The resulting food webs displayed both small-world and scale-free network properties, suggesting that impacts on one species might spread to many through short interaction chains, and that while most food web connections are not critical, a small set of fished species support critical structural connections. Gaichas and Francis concluded that ecosystem-based fishery management should, therefore, first focus on protecting the highly connected species in the network to avoid structural impacts of fishing on the food web.

By Sarah Gaichas


BSIERP Modeling Component FEAST

Dr. Kerim Aydin, REEM Program, worked on substantial development of the central modeling component of the North Pacific Research Board (NPRB) Bering Sea Integrated Research Program (BSIERP). The model, FEAST (forage and euphausiid abundance in space and time) couples fish species, particularly forage species, to nutrients and plankton production on the grid of a regional oceanographic model (ROMS).

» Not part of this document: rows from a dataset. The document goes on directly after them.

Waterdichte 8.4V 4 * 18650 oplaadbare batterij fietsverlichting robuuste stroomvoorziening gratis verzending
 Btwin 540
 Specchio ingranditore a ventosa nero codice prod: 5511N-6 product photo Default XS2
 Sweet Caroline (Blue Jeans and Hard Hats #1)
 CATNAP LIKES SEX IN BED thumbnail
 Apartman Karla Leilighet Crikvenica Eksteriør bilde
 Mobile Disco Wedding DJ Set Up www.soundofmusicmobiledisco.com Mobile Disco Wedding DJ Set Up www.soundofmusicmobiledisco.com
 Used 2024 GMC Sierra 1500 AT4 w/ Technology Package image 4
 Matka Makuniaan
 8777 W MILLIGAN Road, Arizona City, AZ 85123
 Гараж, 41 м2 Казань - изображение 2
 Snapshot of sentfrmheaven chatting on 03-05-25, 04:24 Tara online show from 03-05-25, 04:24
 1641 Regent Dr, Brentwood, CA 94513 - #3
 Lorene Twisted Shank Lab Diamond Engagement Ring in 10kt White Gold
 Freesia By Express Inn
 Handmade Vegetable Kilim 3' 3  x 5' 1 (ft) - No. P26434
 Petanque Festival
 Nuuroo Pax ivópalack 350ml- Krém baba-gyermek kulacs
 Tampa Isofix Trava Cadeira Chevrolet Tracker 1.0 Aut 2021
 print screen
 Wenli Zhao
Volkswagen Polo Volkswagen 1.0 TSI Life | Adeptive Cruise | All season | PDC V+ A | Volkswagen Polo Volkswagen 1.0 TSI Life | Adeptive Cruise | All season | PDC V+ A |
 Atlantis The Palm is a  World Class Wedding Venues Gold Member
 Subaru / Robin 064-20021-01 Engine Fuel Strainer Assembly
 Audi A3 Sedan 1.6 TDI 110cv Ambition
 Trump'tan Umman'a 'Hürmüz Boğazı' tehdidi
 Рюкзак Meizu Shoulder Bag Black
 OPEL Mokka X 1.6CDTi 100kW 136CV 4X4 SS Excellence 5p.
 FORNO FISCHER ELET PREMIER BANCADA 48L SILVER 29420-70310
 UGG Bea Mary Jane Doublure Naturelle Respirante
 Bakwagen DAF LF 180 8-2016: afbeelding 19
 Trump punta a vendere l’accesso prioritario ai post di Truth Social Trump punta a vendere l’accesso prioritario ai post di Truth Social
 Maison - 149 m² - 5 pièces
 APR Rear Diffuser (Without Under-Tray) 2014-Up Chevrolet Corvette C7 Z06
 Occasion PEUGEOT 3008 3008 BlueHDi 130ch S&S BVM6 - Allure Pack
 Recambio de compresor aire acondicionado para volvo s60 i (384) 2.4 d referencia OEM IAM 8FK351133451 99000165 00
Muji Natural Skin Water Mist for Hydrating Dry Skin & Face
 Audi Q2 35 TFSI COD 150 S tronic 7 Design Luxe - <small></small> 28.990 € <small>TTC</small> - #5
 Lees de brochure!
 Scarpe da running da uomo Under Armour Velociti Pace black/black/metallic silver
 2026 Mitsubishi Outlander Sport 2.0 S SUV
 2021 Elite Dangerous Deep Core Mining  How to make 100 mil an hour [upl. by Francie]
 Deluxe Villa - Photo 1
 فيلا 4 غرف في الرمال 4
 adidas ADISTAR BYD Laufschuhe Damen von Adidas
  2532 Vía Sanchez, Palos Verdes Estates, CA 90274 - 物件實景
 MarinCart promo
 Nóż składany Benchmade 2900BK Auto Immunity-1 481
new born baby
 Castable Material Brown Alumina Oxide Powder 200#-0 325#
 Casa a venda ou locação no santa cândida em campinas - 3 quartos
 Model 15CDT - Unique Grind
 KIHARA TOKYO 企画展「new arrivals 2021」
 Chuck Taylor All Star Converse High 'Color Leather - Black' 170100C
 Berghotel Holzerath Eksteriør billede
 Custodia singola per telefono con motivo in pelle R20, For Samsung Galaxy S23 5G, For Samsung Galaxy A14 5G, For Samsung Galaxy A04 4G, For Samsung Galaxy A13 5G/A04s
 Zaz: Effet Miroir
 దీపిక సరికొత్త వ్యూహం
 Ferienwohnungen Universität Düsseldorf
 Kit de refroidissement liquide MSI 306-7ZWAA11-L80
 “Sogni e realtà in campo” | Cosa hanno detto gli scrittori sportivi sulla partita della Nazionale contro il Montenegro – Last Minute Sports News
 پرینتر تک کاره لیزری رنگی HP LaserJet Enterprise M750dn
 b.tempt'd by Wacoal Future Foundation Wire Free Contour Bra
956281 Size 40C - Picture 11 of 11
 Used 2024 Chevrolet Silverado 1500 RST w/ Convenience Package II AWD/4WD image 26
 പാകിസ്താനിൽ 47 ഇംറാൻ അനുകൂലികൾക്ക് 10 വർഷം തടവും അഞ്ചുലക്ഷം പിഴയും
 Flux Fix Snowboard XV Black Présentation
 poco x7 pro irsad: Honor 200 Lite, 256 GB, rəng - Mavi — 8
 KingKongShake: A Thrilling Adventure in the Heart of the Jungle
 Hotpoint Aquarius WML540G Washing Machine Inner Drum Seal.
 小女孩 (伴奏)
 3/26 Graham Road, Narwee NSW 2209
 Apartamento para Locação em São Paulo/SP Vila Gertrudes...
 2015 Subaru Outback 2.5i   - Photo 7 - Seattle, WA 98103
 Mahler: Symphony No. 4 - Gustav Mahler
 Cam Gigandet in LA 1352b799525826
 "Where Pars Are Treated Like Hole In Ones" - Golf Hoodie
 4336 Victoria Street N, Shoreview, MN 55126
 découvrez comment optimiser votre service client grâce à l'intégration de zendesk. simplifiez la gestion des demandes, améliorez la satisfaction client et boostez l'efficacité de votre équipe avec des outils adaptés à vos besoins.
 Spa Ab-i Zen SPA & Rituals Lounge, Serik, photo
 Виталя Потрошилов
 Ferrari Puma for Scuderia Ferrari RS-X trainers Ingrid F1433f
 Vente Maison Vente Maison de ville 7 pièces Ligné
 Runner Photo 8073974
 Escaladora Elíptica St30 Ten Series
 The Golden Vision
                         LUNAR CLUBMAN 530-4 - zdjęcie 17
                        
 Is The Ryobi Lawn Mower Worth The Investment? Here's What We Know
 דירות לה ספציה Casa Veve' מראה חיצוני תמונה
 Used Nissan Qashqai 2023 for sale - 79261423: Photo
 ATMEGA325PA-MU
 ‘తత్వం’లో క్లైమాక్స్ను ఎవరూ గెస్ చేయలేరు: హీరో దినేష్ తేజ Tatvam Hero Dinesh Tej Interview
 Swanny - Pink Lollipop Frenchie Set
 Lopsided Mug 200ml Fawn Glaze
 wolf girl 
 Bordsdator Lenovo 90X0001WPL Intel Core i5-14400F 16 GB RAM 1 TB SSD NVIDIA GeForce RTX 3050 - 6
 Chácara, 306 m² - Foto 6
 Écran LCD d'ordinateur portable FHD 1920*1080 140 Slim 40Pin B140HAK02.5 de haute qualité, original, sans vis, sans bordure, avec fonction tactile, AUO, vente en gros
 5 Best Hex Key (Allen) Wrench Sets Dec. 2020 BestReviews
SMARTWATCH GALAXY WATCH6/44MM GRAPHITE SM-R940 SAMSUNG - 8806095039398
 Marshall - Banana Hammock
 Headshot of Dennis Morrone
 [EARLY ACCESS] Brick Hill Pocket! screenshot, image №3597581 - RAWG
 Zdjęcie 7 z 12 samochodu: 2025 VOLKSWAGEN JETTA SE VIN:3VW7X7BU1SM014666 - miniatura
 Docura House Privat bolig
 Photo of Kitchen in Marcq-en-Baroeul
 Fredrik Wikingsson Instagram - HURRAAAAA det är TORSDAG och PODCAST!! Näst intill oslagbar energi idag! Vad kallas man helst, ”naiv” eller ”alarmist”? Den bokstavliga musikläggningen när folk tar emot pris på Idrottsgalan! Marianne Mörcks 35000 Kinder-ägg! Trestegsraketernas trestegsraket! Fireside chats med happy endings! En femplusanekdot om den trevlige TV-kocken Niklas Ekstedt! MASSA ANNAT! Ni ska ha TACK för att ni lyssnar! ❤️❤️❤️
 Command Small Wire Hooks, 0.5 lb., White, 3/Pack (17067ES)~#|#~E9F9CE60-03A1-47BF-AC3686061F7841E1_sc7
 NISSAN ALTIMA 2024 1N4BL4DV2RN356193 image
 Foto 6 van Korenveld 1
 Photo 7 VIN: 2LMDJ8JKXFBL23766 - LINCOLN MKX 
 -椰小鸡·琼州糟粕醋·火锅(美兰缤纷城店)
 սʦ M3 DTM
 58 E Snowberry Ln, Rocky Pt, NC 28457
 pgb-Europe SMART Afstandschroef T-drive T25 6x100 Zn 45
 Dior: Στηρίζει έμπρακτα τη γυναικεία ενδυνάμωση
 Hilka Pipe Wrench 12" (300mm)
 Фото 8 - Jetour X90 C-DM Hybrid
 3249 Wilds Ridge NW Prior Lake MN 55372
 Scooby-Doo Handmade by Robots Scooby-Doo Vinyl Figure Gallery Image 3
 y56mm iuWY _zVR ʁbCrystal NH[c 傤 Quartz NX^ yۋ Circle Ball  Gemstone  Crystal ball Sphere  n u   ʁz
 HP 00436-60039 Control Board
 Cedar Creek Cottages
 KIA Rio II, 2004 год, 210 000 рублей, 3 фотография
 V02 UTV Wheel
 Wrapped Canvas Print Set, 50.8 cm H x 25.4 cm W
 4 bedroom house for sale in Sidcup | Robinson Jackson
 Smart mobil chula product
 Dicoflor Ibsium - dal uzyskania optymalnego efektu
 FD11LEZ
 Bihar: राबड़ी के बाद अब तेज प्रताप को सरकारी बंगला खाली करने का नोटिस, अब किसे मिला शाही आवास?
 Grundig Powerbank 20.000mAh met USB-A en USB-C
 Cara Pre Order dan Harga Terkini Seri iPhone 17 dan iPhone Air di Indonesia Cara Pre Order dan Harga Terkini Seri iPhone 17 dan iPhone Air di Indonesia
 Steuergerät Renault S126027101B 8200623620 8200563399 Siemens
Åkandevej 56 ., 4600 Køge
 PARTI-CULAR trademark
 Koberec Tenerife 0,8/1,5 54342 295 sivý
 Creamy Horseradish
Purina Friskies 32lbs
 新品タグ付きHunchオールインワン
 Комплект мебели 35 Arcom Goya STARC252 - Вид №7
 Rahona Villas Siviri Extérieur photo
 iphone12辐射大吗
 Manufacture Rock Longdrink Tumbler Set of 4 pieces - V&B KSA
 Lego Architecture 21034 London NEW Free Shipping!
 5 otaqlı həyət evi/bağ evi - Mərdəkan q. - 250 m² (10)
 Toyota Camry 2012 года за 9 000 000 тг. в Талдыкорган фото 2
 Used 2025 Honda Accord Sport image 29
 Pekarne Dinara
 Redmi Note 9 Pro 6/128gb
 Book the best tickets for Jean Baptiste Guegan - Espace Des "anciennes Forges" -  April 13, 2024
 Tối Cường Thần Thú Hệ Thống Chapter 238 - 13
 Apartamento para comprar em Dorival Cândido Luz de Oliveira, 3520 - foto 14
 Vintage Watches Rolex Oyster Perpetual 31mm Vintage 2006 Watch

With respect to motile predators (fish and higher trophic levels), FEAST is designed around the "landscape approach" for modeling fish foraging, mortality, and growth. The landscape approach (also known as the dynamic habitat approach) treats the space of a model as a series of layers, each layer defining a different spatial (dynamic) quantification of habitat. For example, a temperature layer, a prey density layer, a prey size layer, and a mortality layer may be used, quantifying any given point for its "growth" or "predation" potential thus determining growth and survival (dynamic state variables) of the fish.

The landscape approach has been successful, for example, at predicting the distance at which fish congregate around a front; in a front between warm and cold water, warm or cold adapted fish will approach the front from either side, stopping where gain from frontal concentrations of prey are cancelled out by thermal stress. This can be a powerful tool for modeling dynamic climate scenarios in which fronts shift, break down, or otherwise change over time.